Figure 3.. Choroidal ECs from drusen-laden eyes exhibit increased susceptibility to complement injury

(A) Choroidal ECs were treated with complement-competent normal human serum (NHS, 5% v/v; 3 h, 37 °C) prior to phalloidin labeling of F-actin cytoskeletal filaments. Representative fluorescent images and quantitative analysis of F-actin integrity revealed that AMD ECs undergo significantly greater cytoskeletal damage when compared with YN and ON cells (p<0.01; n≥300 cells/condition). Scale bar, 25 μm. (B) NHS-treated choroidal ECs were labeled with anti-C5b-9 to detect surface membrane attack complex (MAC) deposition. Representative confocal fluorescence images and quantitative image analysis (bar graph; n≥75 cells/condition) reveal no significant differences (p>0.05) in MAC deposition between these cells after 3 h of NHS treatment.

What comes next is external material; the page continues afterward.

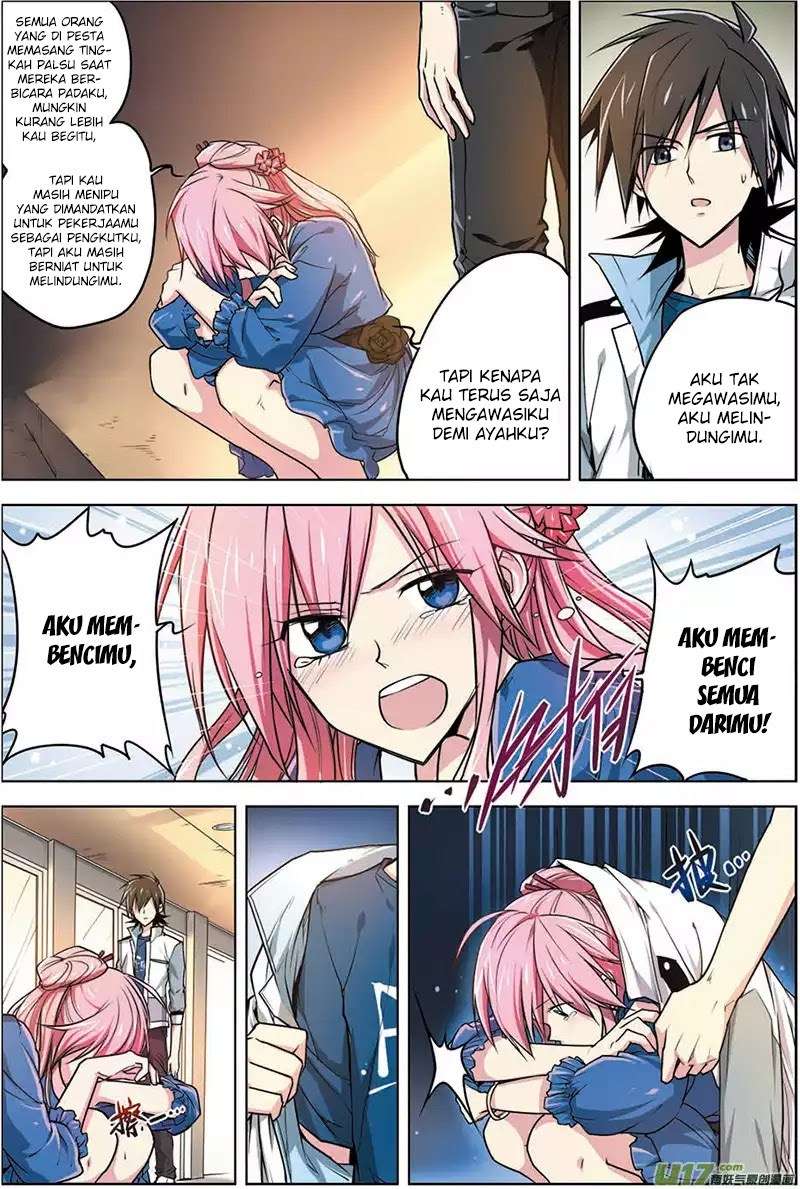 Zhan Long Chapter 8 - halaman 15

Figure 4.. Choroidal ECs from drusen-laden eyes exhibit higher stiffness

(A) EC stiffness was measured using a biological-grade AFM fitted with a silicon nitride cantilever tip that was modified with a 5 μm-diameter glass bead. Quantitative analysis of multiple (n≥60) force indentation measurements revealed that the stiffness of choroidal ECs isolated from AMD eyes was 2-fold higher than that of their young normal (YN) counterparts (p<0.05). (B) Normal, untreated choroidal ECs were stained with fluorescently-labeled phalloidin to visualize the constitutive organization of F-actin cytoskeletal filaments. Representative fluorescent images revealed robust longitudinal actin stress fibers in YN and ON ECs but a peripheral actin arrangement in AMD ECs, as indicated by the white arrowheads. Scale bar, 50 μm.

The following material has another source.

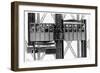 Leon Edoux's Elevators (Lift) at the Eiffel Tower, Paris, 1889-null-Framed Giclee Print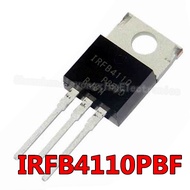 10PCS IRFB4110PBF TO220 IRFB4110 B4110 TO 220 new MOS FET transistor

Figure 5.. Inhibiting Rac-mediated cell stiffness reduces the susceptibility of AMD ECs to complement injury

(A) Rac activity in choroidal ECs was measured using Rac G-LISA activation assay, which revealed a 3.6-fold increase (p<0.01) in Rac activity in AMD ECs when compared with YN cells. Bars indicate mean ± sem. (B) Phalloidin staining of AMD ECs treated with pharmacological Rac inhibitor (NSC23776; 1 mM) shows disruption of peripheral actin by Rac inhibition. (C) AFM was used to measure the stiffness of AMD ECs treated with or without NSC23776. Quantitative analysis of multiple (n≥60) force indentation measurements indicated that Rac inhibition significantly reduced cell stiffness. (D) Representative fluorescence images of phalloidin-labeled AMD ECs and quantitative analysis of F-actin integrity (box plot; n>100 cells/condition) show that inhibiting Rac-mediated cell stiffness significantly prevented complement injury in AMD ECs. Scale bar, 25 μm.

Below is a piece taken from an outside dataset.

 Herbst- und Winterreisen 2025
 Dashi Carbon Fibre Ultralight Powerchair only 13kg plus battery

Figure 6.. RhoA confers YN ECs protection against complement injury

(A) RhoA activity in choroidal ECs was measured using RhoA G-LISA activation assay, which revealed a ~60% decrease in Rho activity in AMD ECs when compared with YN cells (p<0.05). Bars indicate mean ± sem. (B) Representative western blot bands (18 kDa) for phosphorylated MLC (pMLC) and their densitometric analysis (mean ± SD) normalized to total MLC shows that MLC phosphorylation is reduced by ~50% in AMD ECs (p<0.001). (C) Phalloidin staining of YN ECs treated with pharmacological ROCK inhibitor (Y27632; 100 μM) shows disruption of longitudinal actin stress fibers by RhoA/ROCK inhibition. (D) YN ECs were co-treated with NHS and Rho/ROCK inhibitor Y27632 (100 μM). Representative fluorescence images of phalloidin-labeled cells and quantitative analysis of F-actin integrity (box plot; n>100 cells/condition) show that inhibiting RhoA/ROCK-mediated contractility caused an ~40% increase in complement injury in YN ECs (p<0.001). Scale bar, 25 μm.